SAE - CAE Design and Failure Analysis of Automotive Composites
|Publication Date:||3 December 2014|
Composites are extensively used in applications that need outstanding mechanical properties combined with weight savings. Composite materials possess superior properties because of their unique microstructure. A composite is a material system that consists of two or more separate materials combined in a macroscopic structural unit. Unlike traditional materials (such as metals, ceramics, and polymers), whose microstructures are relatively fixed, composites are highly tunable in terms of microstructure and mechanical properties. As a result, composites are a desirable combination of the best properties of the constituent phases: they can be strong and lightweight at the same time. For example, carbon fiber composites can be more than 10 times stronger and 80% lighter than steels. With such extraordinary properties, composites have become the top choice for producing lightweight vehicles [1-1], [1-2], [1-3], [1-4], [1-5], [1-6], [1-7], [1-8]. The benefits of composites go far beyond weight savings. Polymer matrix composites have great potential for part integrations, which will result in lower manufacturing costs and faster time to market. The composite parts can have much smaller tooling costs than do metal ones. Composites also have much better corrosion resistance than metals and are more resistant to damage, such as dents and dings, than aluminums. Polymer composites possess superior viscoelastic damping and thus provide the vehicles with improved noise, vibration, and harshness (NVH) performance. Composites also have a high level of styling flexibility in terms of deep drawn panel, beyond what can be achieved with metal stampings. Finally, composite materials can possess multifunctional (mechanical, thermal, electrical, and magnetic) properties by integrating various functional components into the polymer matrices. The so-called multifunctional or smart composites provide significant benefits to the vehicles when compared with traditional materials, which only have monotonic properties.

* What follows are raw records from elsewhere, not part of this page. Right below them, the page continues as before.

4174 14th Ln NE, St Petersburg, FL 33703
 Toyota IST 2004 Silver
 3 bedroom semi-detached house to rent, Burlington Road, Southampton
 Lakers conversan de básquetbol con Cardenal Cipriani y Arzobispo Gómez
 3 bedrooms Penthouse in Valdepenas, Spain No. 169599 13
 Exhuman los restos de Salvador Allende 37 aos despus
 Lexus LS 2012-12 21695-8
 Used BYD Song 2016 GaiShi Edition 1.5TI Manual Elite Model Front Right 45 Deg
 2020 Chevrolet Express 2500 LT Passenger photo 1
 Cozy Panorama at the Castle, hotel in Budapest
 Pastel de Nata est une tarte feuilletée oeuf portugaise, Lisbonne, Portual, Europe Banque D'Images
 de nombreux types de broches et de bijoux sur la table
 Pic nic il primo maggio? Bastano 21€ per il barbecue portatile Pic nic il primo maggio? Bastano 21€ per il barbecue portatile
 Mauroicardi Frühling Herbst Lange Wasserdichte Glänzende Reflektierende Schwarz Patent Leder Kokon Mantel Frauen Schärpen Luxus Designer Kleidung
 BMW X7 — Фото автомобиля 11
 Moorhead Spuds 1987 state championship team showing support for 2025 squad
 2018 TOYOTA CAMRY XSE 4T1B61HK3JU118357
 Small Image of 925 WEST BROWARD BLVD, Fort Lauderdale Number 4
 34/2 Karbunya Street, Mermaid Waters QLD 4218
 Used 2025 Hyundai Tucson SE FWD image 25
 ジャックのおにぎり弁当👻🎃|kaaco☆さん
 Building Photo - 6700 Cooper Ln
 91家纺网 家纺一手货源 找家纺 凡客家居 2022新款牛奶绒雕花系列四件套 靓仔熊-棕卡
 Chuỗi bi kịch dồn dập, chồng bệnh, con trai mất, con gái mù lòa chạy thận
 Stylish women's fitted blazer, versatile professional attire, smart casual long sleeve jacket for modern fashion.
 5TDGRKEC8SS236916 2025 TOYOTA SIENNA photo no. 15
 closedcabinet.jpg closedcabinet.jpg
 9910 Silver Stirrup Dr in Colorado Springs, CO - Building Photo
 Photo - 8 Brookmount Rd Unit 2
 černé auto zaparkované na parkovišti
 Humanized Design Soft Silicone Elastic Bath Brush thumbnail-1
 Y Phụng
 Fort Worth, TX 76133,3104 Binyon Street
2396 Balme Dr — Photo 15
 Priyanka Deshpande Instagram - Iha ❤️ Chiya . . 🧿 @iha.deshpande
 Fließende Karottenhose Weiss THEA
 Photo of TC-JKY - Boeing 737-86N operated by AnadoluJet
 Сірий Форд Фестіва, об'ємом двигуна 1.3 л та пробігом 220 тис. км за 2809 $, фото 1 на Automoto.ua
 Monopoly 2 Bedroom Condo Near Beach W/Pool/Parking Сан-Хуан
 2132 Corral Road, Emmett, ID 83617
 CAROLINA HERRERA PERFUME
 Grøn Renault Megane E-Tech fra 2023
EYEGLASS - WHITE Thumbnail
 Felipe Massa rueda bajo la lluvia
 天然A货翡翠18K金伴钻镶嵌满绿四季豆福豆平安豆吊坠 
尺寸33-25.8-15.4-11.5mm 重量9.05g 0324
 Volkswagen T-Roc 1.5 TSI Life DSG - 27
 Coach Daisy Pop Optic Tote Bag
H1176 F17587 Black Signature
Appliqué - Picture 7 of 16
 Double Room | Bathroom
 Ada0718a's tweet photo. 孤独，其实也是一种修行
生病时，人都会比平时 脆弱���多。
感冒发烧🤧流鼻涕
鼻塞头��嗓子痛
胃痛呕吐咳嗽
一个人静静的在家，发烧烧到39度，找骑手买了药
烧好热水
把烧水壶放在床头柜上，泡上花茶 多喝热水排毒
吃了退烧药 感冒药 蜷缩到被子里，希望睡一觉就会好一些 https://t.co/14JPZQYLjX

Although the benefits of composites are well recognized, the use of composites in the automotive industry has faced some technical challenges. One major technical challenge has been the lack of knowledge in composites design. Traditionally, the automotive sector has designed structural components by using isotropic materials, such as steels, aluminums, and plastics. The basic material properties necessary to the design of a homogeneous structure are Young's modulus (E), Poisson's ratio (n), and failure strength (sf). These properties for common materials, such as steel and aluminum, are readily available in materials handbooks and online resources, making the overall design process of a structural component composed of an isotropic material relatively simple. In comparison, the design of structures involving anisotropic, composite materials is more challenging and complicated. A composite material is anisotropic in nature; that is, the properties at a point vary with direction of the reference axes and are associated with the scale. The basic material properties necessary to the design of a composite structure are the average properties of an individual lamina. Unlike conventional isotropic materials whose properties (E, n) are available in various data sources, the properties of the lamina for a composite system cannot be readily found. The primary reason is that those properties are dependent upon the fiber volume fractions. Even for the same composite system, such as the carbon fiber-epoxy composite, the basic lamina properties vary dramatically due to the amount of fibers used in the system. Therefore, it would be very difficult to establish a comprehensive composite material property database.
The other major technical challenge in using composite materials is the lack of effective design tools,(i.e., the computer-aided engineering [CAE] tools). Although the automotive sector has been routinely using CAE methods for various structural analysis (static, dynamic, durability, noise and vibration, etc.), the practices have mostly involved isotropic materials. For isotropic materials, there are many choices of CAE software, and the precision and accuracy of the computational models have significantly increased over time. However, for anisotropic, fiber composite materials, few CAE software exists that is capable of composite modeling. There is also a lack of sufficient, rigorous models to simulate the sophisticated failure process of composite structures.
This book focuses on the latest use of CAE methods in design and failure analysis of composite materials and structures. It begins with a brief introduction to the design and failure analysis of composite materials and then presents some recent, innovated CAE design examples of composite structures by engineers from major CAE developers and automobile original equipment manufacturers (OEMs) and suppliers.